The offset is the position in the log where the consumer last consumed or read a message. The consumer can then commit this offset to make the reading ‘official’. Offset committing can be done automatically in the background or explicitly. In our example we will commit automatically in the background.

![image.png](attachment:image.png)

### Kafka Concepts


![image.png](attachment:image.png)

![image-2.png](attachment:image-2.png)

### Topics
Every message that is feed into the system must be part of some topic. The topic is nothing but a stream of records. The messages are stored in key-value format. Each message is assigned a sequence, called Offset. The output of one message could be an input of the other for further processing.

### Producers  
- Producers are the apps responsible to publish data into Kafka system. They publish data on the topic of their choice. (ex: clickstream, logs, IoT).

**Advantages**  
The Kafka Producer API is extremely simple to use: send data, it’s asynchronous and you will get a callback. This is perfectly suited for applications directly emitting streams of data such as logs, clickstreams, IoT.
It is very common to use this kind of API in combination with a Proxy

**Limitations**  
The Kafka Producer API can be extended and built upon to do a lot more things, but this will require engineers to write a lot of added logic. The biggest mistake I see is people trying to perform ETL between a database and Kafka using the Producer API. Here are a few things that are not easy to do:  

- How to track the source offsets? (i.e. how to properly resume your producer if it was stopped)
- How to distribute the load for your ETL across many producers?


For this, we’re much better off using the Kafka Connect Source API

### Consumers  
The messages published into topics are then utilized by Consumers apps. A consumer gets subscribed to the topic of its choice and consumes data. Read a stream and perform real-time actions on it (e.g. send email…)

**Advantages**
The Kafka Consumer API is dead-simple, works using Consumer Groups so that your topics can be consumed in parallel. Although you need to be careful about a few things, such as offset management and commits, as well as rebalances and idempotence constraints, they’re really easy to write. For any stateless kind of workload, they will be perfect. Think notifications!

**Limitations**
When you perform some kind of ETL, Kafka Connect Sinks are better suited as they will avoid you to write some complicated logic against an external data source.


### Broker  
Every instance of Kafka that is responsible for message exchange is called a Broker. Kafka can be used as a stand-alone machine or a part of a cluster.  
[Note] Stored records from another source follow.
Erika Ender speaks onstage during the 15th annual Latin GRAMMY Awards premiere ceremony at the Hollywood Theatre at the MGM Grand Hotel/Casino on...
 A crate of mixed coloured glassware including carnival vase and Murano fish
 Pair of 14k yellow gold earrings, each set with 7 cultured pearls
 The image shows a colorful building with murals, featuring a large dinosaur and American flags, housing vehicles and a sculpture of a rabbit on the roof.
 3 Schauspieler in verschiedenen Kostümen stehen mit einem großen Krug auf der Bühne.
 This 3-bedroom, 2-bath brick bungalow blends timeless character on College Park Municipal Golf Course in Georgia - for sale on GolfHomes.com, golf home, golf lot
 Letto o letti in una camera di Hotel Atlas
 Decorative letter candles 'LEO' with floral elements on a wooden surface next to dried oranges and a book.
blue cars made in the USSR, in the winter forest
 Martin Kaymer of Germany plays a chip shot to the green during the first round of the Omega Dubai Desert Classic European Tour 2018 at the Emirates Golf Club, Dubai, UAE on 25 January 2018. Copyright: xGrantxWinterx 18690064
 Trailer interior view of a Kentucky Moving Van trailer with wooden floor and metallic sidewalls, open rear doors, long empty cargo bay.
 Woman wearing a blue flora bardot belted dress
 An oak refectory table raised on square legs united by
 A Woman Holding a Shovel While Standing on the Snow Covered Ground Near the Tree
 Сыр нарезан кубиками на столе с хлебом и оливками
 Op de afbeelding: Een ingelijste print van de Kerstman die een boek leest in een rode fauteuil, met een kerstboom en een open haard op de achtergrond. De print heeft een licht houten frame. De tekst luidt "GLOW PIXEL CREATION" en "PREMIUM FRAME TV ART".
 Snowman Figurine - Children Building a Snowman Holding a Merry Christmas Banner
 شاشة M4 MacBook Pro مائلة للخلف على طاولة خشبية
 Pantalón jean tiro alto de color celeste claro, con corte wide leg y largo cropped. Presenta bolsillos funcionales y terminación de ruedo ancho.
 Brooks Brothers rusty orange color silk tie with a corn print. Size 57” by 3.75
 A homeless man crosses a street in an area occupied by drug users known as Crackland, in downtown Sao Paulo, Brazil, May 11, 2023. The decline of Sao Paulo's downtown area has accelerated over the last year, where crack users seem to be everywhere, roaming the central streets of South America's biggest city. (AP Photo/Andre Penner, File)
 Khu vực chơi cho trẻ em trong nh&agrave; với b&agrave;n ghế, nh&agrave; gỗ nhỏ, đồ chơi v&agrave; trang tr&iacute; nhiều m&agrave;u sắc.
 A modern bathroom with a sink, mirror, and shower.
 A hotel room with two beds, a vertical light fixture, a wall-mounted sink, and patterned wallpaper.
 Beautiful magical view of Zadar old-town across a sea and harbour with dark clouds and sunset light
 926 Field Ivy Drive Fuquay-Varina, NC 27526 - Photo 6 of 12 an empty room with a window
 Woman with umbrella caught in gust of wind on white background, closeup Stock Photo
**Example**, there is a warehouse or go down of a restaurant where all the raw material is dumped like rice, vegetables etc. The restaurant serves different kinds of dishes: Chinese, Desi, Italian etc. The chefs of each cuisine can refer to the warehouse, pick the desire things and make things. There is a possibility that the stuff made by the raw material can later be used by all departments’ chefs, for instance, some secret sauce that is used in ALL kind of dishes. Here, the warehouse is a broker, vendors of goods are the producers, the goods and the secret sauce made by chefs are topics while chefs are consumers.


![image.png](attachment:image.png)

### Workflow of Pub-Sub Messaging

Following is the step wise workflow of the Pub-Sub Messaging −

- Producers send message to a topic at regular intervals.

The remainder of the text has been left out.